Do any of you remember using the NDS SDPWS specification?
I dont recall having to use that.   Like PlanCheckEng said, know the main manuals well.  Especially steel & ACI. Bring everything on the references listed in the structural exam specs.     I would have done better if I brought AASHTO & IBC.   Thought I would be good with just ASCE-710 and an all - in -one for seismic and the bridge questions... but I struggled. 

 
Thanks again @biffnater.

I've bought all the references except AASHTO and AWS welding. I believe I'll be able to manage fairly without those two codes.

Working on:

1. Structural analysis of beams and frames

2. Structural design focusing on Concrete, Steel, Wood and very basic problems of masonry design. 

My next focus will be thoroughly study the ASCE 7-10, especially wind and seismic load calculation.

 
45/80 30 AM 15 PM South Carolina, First Attempt.

I pretty much "self studied" if you could consider my efforts "studying." It was really disappointing to know I did so well in the morning section and then fall completely flat on my face in the afternoon section. The structural stuff is what I deal with regularly so it's very disheartening. My main objective for the next round is just to work on problems for the afternoon section, and gain speed when looking through the references.

 
45/80 30 AM 15 PM South Carolina, First Attempt.

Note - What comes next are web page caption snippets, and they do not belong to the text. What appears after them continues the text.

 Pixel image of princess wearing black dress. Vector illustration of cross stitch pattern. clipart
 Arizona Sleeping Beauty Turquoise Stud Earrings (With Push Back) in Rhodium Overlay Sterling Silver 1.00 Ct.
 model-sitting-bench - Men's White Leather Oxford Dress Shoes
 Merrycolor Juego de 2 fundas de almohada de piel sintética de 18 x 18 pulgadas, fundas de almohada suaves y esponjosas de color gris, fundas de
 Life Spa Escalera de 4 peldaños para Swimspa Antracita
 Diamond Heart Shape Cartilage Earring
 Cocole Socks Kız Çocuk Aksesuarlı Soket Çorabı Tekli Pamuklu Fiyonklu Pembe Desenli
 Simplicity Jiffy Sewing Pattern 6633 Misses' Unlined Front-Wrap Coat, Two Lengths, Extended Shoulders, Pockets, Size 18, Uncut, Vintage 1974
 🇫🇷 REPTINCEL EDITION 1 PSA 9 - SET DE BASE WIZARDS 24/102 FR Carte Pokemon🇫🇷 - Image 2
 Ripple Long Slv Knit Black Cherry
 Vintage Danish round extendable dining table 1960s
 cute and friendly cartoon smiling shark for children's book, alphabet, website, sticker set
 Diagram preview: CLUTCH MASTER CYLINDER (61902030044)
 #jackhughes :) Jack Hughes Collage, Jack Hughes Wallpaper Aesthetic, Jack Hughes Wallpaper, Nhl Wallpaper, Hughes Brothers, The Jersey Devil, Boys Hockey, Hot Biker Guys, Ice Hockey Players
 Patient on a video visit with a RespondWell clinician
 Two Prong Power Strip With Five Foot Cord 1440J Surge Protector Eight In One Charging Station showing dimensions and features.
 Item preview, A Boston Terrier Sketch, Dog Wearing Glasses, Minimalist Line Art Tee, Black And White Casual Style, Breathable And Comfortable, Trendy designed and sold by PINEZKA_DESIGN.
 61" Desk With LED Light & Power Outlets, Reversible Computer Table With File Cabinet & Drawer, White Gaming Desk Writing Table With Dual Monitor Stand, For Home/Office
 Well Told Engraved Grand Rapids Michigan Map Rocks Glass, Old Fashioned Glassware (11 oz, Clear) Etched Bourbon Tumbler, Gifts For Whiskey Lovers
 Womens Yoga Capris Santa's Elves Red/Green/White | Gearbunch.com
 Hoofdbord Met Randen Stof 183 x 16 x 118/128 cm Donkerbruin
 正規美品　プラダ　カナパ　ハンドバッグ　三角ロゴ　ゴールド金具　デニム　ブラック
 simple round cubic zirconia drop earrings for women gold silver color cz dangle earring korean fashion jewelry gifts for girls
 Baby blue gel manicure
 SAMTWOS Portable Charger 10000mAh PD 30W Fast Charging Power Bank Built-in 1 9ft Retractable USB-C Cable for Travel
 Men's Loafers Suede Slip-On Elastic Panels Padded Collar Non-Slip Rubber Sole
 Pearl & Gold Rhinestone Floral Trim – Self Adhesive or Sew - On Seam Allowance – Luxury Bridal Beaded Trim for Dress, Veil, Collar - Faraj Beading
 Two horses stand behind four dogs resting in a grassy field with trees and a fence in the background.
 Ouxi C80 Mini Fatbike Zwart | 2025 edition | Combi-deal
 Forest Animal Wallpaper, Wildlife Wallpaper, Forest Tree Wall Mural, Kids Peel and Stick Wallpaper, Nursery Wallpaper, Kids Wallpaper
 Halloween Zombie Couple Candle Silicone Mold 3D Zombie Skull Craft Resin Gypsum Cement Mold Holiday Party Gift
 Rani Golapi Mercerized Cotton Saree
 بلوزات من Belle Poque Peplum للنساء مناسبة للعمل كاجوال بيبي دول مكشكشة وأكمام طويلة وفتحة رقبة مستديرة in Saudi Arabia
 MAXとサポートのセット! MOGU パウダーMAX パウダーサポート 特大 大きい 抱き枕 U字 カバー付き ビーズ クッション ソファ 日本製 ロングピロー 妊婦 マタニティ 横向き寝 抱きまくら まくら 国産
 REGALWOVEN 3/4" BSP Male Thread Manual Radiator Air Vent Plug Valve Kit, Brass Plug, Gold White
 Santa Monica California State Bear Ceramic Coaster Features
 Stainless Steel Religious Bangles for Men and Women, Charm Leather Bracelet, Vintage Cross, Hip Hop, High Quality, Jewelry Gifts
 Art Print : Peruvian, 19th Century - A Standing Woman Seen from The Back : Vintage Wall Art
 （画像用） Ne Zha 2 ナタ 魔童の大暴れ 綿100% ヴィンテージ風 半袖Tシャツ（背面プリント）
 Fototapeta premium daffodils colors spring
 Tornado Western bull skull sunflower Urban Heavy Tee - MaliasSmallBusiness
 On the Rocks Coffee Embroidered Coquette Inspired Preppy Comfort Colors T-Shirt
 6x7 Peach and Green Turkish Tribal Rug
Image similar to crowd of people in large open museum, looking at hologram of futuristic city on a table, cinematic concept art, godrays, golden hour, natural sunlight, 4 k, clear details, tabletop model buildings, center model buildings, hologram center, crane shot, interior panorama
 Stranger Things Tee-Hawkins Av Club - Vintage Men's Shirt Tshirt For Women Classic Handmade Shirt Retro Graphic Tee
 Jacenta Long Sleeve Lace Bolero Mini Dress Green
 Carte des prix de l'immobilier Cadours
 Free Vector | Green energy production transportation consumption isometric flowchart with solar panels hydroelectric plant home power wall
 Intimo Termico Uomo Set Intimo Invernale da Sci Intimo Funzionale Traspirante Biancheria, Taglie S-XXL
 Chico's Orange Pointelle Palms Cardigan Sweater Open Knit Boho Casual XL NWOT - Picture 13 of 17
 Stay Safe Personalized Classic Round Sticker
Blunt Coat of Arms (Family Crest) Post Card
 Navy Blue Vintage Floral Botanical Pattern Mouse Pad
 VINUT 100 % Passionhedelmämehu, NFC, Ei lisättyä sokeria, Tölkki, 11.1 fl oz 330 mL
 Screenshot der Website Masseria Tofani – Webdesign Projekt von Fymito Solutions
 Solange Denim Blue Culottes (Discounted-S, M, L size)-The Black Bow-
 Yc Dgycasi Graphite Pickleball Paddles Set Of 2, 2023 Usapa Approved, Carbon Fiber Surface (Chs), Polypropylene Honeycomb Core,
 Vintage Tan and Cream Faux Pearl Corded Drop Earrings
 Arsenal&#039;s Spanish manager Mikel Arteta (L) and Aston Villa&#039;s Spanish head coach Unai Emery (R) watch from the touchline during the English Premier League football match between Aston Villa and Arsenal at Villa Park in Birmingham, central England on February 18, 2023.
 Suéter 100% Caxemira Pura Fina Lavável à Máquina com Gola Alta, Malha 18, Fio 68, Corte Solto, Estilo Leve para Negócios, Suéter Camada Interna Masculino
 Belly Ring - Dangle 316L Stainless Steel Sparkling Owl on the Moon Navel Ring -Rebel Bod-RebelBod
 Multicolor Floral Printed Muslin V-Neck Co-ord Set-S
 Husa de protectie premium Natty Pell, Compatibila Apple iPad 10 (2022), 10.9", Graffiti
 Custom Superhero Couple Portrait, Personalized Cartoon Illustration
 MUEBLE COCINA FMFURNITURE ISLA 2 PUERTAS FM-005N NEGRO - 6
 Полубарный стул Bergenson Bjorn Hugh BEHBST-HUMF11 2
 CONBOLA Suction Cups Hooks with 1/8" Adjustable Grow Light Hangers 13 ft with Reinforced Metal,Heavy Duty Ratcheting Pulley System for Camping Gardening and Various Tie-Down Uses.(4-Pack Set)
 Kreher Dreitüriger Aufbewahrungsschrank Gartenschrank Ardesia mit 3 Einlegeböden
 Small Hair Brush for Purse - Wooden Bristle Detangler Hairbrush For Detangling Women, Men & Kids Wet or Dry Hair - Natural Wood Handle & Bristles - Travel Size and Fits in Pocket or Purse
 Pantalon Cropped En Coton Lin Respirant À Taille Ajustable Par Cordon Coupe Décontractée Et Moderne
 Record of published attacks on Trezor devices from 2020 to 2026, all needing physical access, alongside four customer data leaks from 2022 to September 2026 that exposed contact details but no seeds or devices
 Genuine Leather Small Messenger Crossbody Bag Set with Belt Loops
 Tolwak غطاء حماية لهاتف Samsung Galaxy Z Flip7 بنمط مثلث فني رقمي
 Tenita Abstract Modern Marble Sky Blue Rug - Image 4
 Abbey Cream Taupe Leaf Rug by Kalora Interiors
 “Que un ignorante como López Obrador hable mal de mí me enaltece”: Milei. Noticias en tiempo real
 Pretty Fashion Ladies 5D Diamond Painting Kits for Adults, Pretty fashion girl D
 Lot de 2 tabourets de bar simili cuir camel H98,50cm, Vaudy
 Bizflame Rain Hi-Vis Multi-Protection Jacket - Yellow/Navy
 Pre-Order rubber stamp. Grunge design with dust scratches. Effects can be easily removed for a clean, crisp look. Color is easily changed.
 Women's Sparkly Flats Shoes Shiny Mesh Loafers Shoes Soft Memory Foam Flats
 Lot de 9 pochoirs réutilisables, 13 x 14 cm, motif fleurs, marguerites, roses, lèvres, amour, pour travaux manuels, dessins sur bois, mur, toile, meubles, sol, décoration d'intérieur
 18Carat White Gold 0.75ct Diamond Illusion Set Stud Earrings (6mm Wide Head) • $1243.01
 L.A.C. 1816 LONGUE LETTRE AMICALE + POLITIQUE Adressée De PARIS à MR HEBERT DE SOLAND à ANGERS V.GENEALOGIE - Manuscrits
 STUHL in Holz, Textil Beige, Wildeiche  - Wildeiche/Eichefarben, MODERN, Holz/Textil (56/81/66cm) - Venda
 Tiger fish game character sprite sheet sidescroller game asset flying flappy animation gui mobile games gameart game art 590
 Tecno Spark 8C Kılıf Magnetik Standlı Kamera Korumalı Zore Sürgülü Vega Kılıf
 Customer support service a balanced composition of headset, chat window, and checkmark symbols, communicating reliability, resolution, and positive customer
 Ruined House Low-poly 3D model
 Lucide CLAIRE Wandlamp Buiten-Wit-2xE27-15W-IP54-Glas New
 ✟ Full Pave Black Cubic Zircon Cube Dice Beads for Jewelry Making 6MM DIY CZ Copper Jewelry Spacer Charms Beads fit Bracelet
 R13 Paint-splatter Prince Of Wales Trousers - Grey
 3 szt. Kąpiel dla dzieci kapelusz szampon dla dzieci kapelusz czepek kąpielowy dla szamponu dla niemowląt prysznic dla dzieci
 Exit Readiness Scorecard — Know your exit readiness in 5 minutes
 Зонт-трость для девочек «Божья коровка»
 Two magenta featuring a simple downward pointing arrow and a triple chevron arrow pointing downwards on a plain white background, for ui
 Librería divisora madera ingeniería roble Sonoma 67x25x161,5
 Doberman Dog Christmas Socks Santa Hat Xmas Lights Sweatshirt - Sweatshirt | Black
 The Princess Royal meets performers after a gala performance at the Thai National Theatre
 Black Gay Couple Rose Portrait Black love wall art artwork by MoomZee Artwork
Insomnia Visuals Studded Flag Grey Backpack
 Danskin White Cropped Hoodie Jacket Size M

I pretty much "self studied" if you could consider my efforts "studying." It was really disappointing to know I did so well in the morning section and then fall completely flat on my face in the afternoon section. The structural stuff is what I deal with regularly so it's very disheartening. My main objective for the next round is just to work on problems for the afternoon section, and gain speed when looking through the references.
Seems to me you almost made it!   I would still study the AM and strive for 35 for the AM portion.   15 for the afternoon is not too shabby. I think doing as you said as far as gaining speed when looking through the references is a good idea for the PM.  Also try not to overthink a problem.   In another thread a person posted a problem about camber in a prestressed concrete beam.  I recall a very similar problem on the test and remember going through the PCI text looking for help... Turns out it was more of a structural analysis type problem and I overthought it and just made an educated guess.  It had nothing to do with PCI prestressing calculations at all.    I also got burnt out out in the PM portion and left 2 hours early after thinking I felt like I made the best attempts on all problems.. Needless to say I barely passed. ... and literally on my drive home a problem donged on my that I did totally wrong.  Still barely passed but could have done better if I would have just ran through my thought process for every problem again after attempting it all.